The second round starts with a connected segment and three new nodes as illustrated in Figure 4d. The new BNs are circled in green. $I{N}_4$ is not one of them, as it is slightly inside the orange rectangle. In this round, ${\mathcal{L}}_1=I{N}_1$ will place a RN after finding no other neighbor than $I{N}_0$, and so will ${\mathcal{L}}_2$. ${\mathcal{L}}_3$ will connect with $I{N}_4$ and as the former will be farther from the barycenter ${\mathcal{S}}_3$ will be marked as connected. Similarly for ${\mathcal{L}}_6$, it will connect with the new ${\mathcal{L}}_1$ and its segment will be marked as connected. Thus, by the end of the second round $\mathcal{C}=\{\mathrm{0,3,6}\}$ and the third round will start with the structure shown in Figure 4e.

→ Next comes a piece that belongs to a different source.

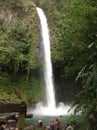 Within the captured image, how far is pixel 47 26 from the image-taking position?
36.5 meters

In the third round, only ${\mathcal{L}}_1$ and ${\mathcal{L}}_4=I{N}_4$ will be considered first. However, ${\mathcal{L}}_1$ will see ${\mathcal{L}}_2$ as a neighbor and its segment will be marked as connected leaving ${\mathcal{L}}_4$ alone. The realignment functions are applied to both ${\mathcal{S}}_1$ and ${\mathcal{S}}_2$, but only ${\bar{\mathcal{S}}}_2$ has enough elements for the functions to modify its content. The realignment can be seen by comparing Figures 4e, f. ${\mathcal{L}}_4$ being alone, in this round there is no eligible node for RN placement. Furthermore, the short range of $I{N}_5$, prevents $I{N}_4$ from connecting with it.

The fourth round starts with the same set of $\mathcal{L}$ as the previous one, but with ${\mathcal{S}}_1$ being connected, the BNs and the eligible nodes are different. ${\mathcal{L}}_2$ will place the final RN on the barycenter because $d({\mathcal{L}}_2,G)<r_{\mathit{min}}$ and all other eligible nodes will see it as neighbor. In its turn, ${\mathcal{L}}_5$ will be marked as connected as it finds ${\mathcal{L}}_2$ as neighbor and closer to $G$. The set of connected segments is now $\mathcal{C}=\{\mathrm{0,1,3,4,5,6}\}$. Therefore, the condition of $|\mathcal{C}|=N-1$ is met, and the algorithm returns the set containing all the nodes in the network.

2.3 Algorithms analysis

In this subsection, original proofs for the validity of the formulae used in the ORPHe algorithm and the convergence of BRHEN algorithm are given.

2.3.1 Analysis of ORPHe

Property 2.3. The coordinates of a point $P\equiv (x,y)$ on the line between two different points $A\equiv (x_A,y_A)$ and $B\equiv (x_B,y_B)$, at the distance $r\ge 0$ from $A$ and in the direction of $B$, are given by

$\left\{\begin{array}{cc}x\hfill & =x_A+\frac{1}{AB}r\mathrm{\Delta }x,\hfill \\ y\hfill & =y_A+\frac{1}{AB}r\mathrm{\Delta }y,\hfill \end{array}\right.(4)$

with $\mathrm{\Delta }x=x_B-x_A$ and $\mathrm{\Delta }y=y_B-y_A$. Therefore, the relation between the $x$ $(y)$ coordinates of $A$ and $P$ is provided by a term composed of (a) the ratio between the distance $r$ and the distance between $A$ and $B$ and (b) the difference between their coordinates $\mathrm{\Delta }x$ $(\mathrm{\Delta }y)$.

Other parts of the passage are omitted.